By November of 1830, the first section of the canal was opened from Lock 23, below Seneca Creek near its confluence with the Potomac River, south to Little Falls, with boats bound for Georgetown hauling mostly grain and flour from area farmers. It would be another 20 years before the northern reaches were completed. Labor unrest—workers would riot 10 times in 10 years—financial woes and lawsuits over property rights impeded progress, even shutting down construction for years. The canal company grossly underestimated the cost and repeatedly looked to the Maryland legislature for a bailout. By the late 1830s, in order to keep construction flowing, the state had loaned the canal company almost $4 million and had authorized the sale of more than $2.5 million in bonds—a total far beyond the $4.5 million projected to finish the canal. The cost of building ultimately exceeded $11 million. The state’s heavy investments eventually gave it control of the project.
By the time the builders reached Cumberland, 22 years after Adams had turned the first spade, the canal company was inextricably in debt. The tolls collected from boats carrying lumber, stone, grain, flour, whiskey and more never covered the canal’s operating costs. And as the canal limped into town in 1850, it was greeted by even more bad news: the Baltimore and Ohio Railroad.
The same day that Adams had broken ground for the canal—July 4, 1828—Charles Carroll of Carrollton, Md., the last surviving signer of the Declaration of Independence, presided over the laying of the cornerstone for the B&O Railroad near Gwynns Falls, two miles outside of Baltimore. Instantly, the canal and the railroad became contentious rivals. The rail builders scoffed at the ditch-diggers: The railroad “will surely supersede canals as effectually as canals have superseded turnpike roads,” they predicted. The canal backers countered: “A single horse of moderate size and strength, drawing 512 barrels of flour in a heavy boat with apparent ease…is calculated of itself to countervail the numerous theories of the utility of railroads.”
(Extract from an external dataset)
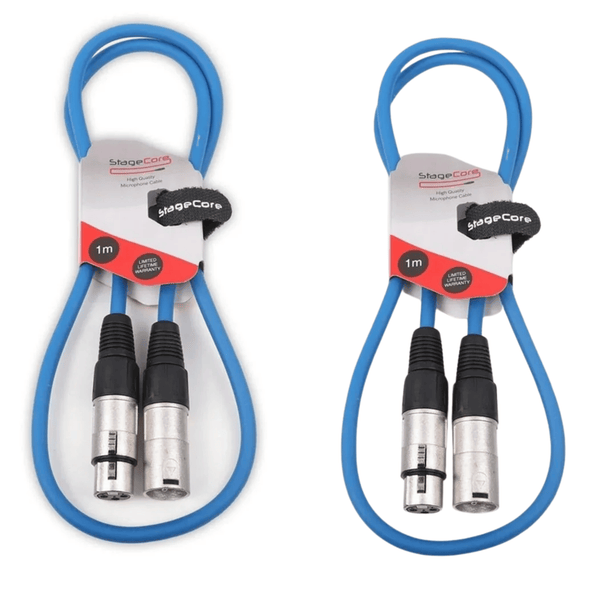 2 x Stagecore 1m Blue XLR Microphone Cable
But the railroad triumphed in the race west, reaching Cumberland eight years before the canal, then leaving the canal far behind as it crossed the Alleghenies, arriving in Wheeling, W.Va., in 1853.Out of money and motivation, the canal builders stopped at Cumberland, almost 185 miles from Washington, D.C., and more than 100 miles from their goal of the Ohio River Valley.
Life along the canal
The railroad may have made the C&O obsolete before it was finished—and investors may never have seen a dime in return—but the canal nonetheless went on carrying freight for 74 years, employing hundreds of workers on land and water. Lockkeepers, quartered in company-built houses sitting nearly atop the stone locks, operated the giant wooden gates that trapped and released water. Whole families joined in the work, and the job became an unwritten inheritance, with widows often assuming the duties, a situation that irked canal officials. “It is very plain that they are not as competent as men,” one superintendent remarked. What stopped the canal from removing the female lockkeepers? The cost. The directors found that they could pay women less than men for performing the same tasks.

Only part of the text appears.